** WORK ITEM **
The result should be an exact copy of only the lines from the one holding "2025 (25) LAND" through the last line of the data below, please, without pictures.
DATA EXTRACTS: Begin
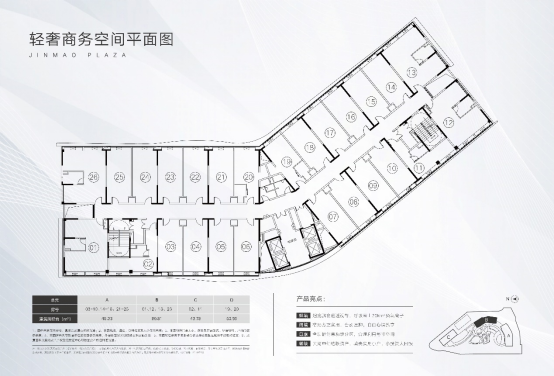 寻找下一个深业上城被低估的广州先买为敬了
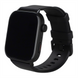 Смарт-годинник Gelius Pro GP-SW009 AmazWatch Numix Чорний (Black) 134196 фото 2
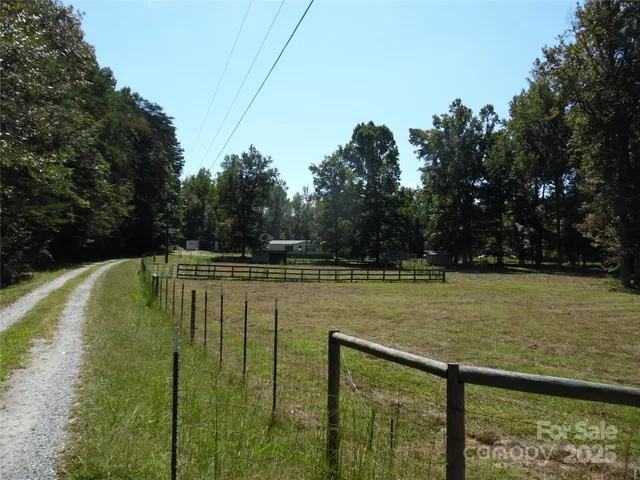 $350,000 | 5790 Mundy Road, Denver, NC 28037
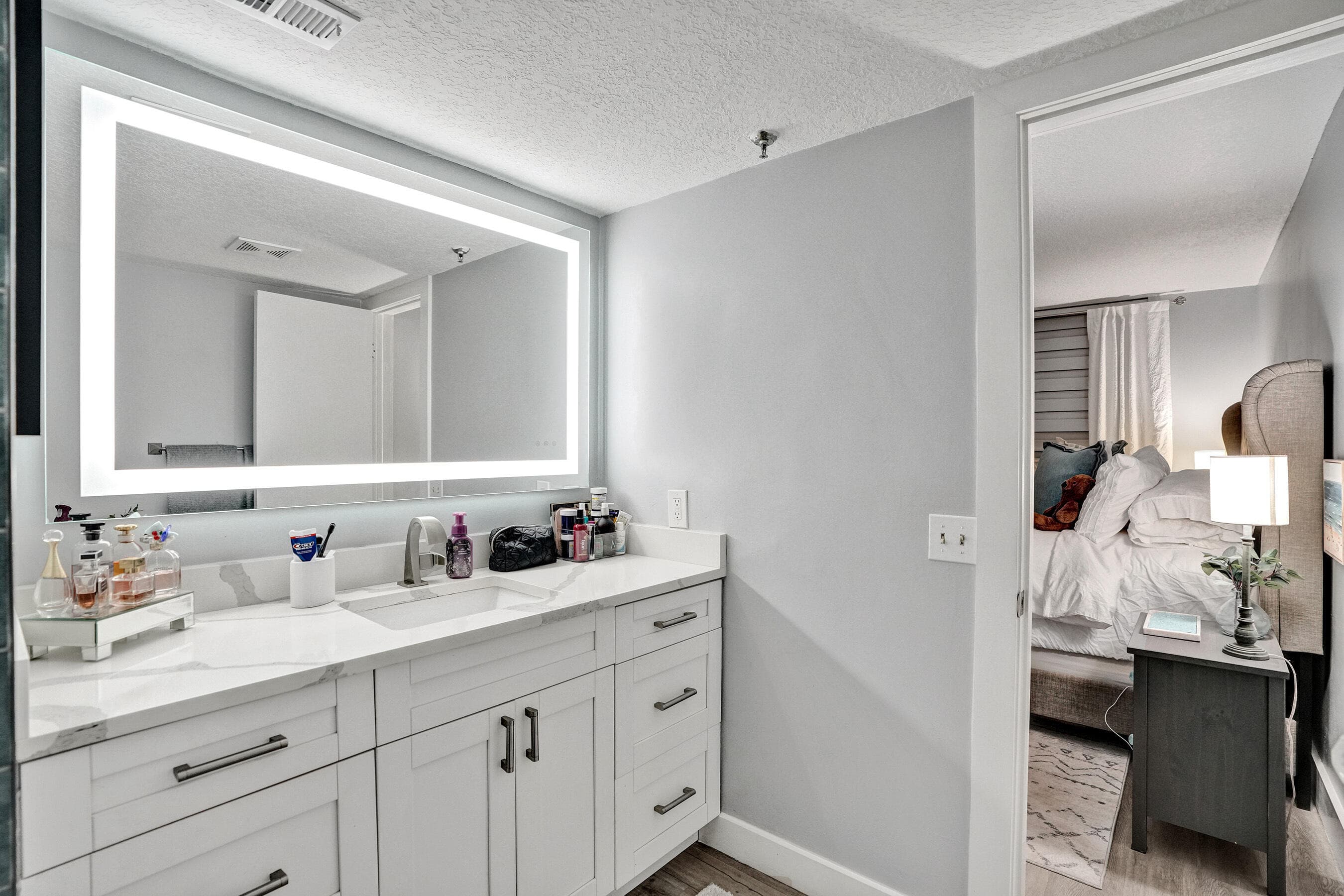 2400 Deer Creek Country Club Boulevard, Deerfield Beach, FL 33442 — photo 24 of 44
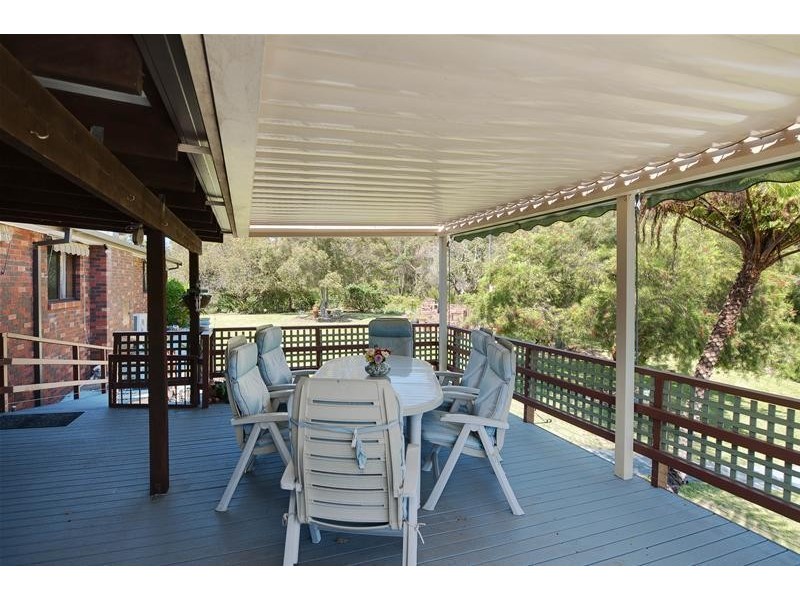 108 Tallawang Avenue, Malua Bay NSW 2536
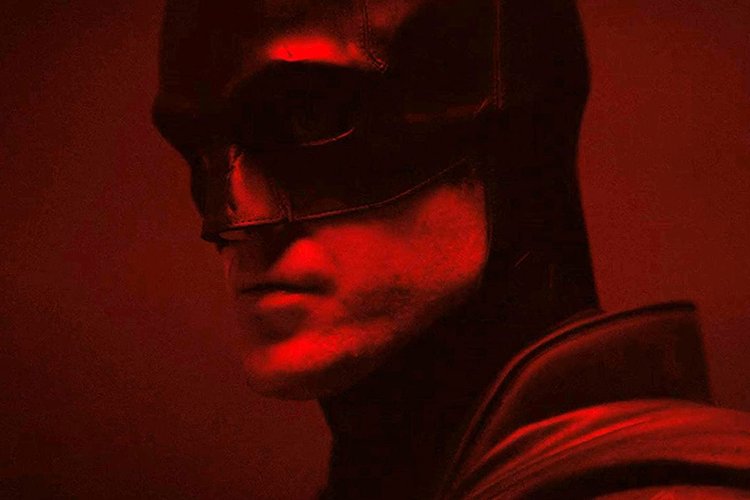 The Batman deve ter novidades reveladas durante o evento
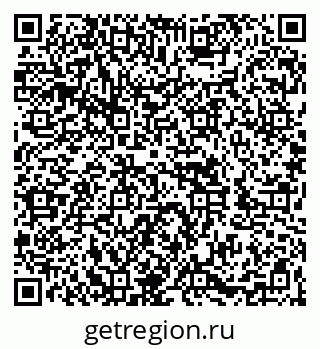 79262807058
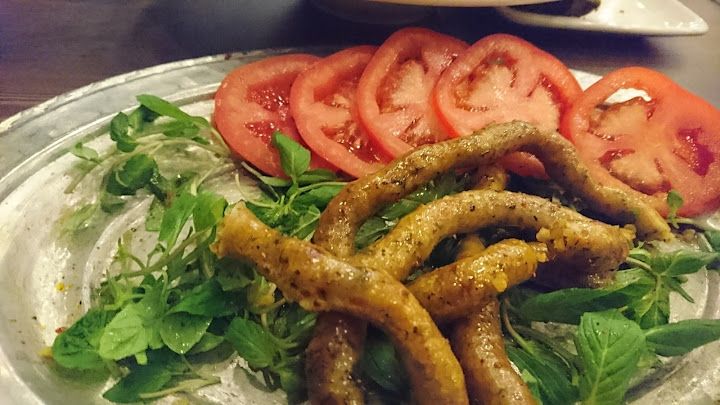 Fotoğraf 42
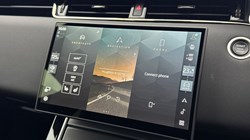 2025 (25) LAND ROVER RANGE ROVER EVOQUE 2.0 D165 S 5dr Auto 5452175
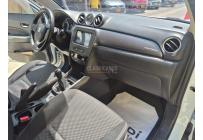 Suzuki Vitara 2020 - $71.900.000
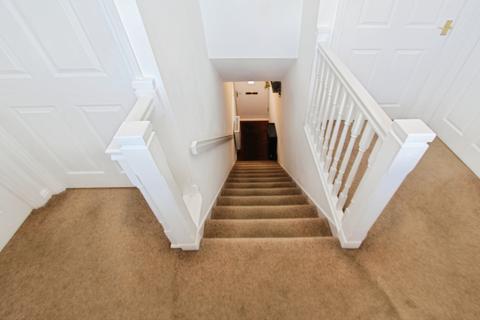 5 Barn Close, Long Eaton, Nottingham, NG10 3SZ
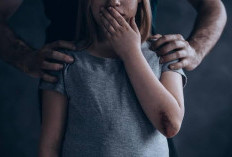 KemenPPPA Pastikan Hak Dua Korban Kekerasan Seksual di Malang Tetap Terlindungi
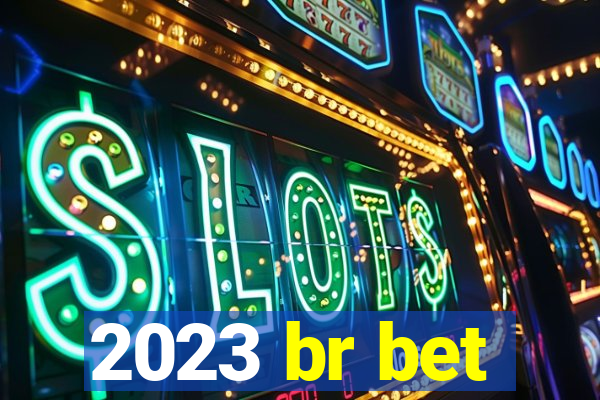 2023 br bet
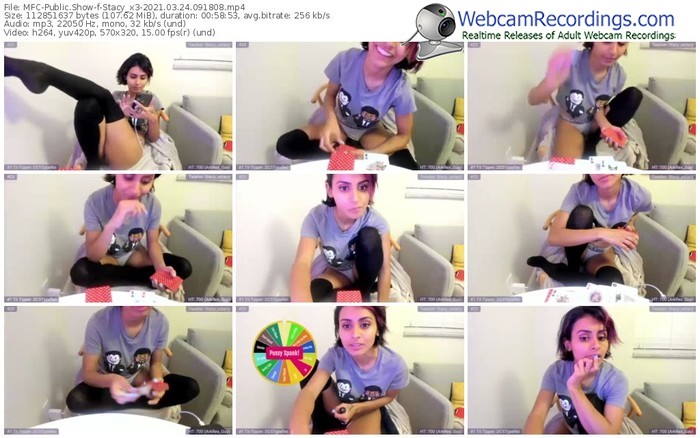 myfreecams-stacy_x3-webcam-show-03_24_2021-09_18_08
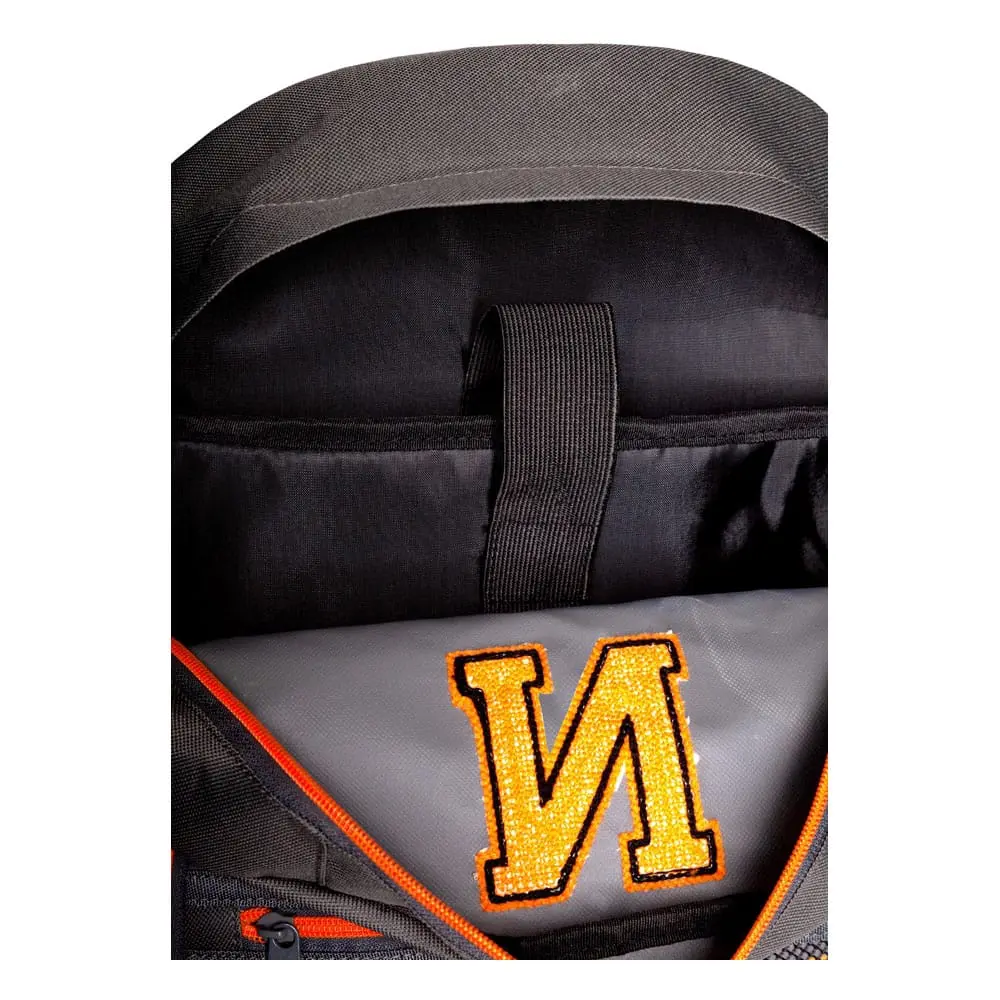 Naruto Backpack Premium product photo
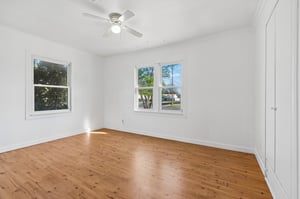 115 E Haddock St_031.jpg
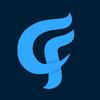 coma_fix's TikTok profile picture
DATA EXTRACTS: End
** RESULT **
 2025 (25) LAND ROVER RANGE ROVER EVOQUE 2.0 D165 S 5dr Auto 5452175
 Suzuki Vitara 2020 - $71.900.000
 5 Barn Close, Long Eaton, Nottingham, NG10 3SZ
 KemenPPPA Pastikan Hak Dua Korban Kekerasan Seksual di Malang Tetap Terlindungi
 2023 br bet
 myfreecams-stacy_x3-webcam-show-03_24_2021-09_18_08
 Naruto Backpack Premium product photo
 115 E Haddock St_031.jpg
 coma_fix's TikTok profile picture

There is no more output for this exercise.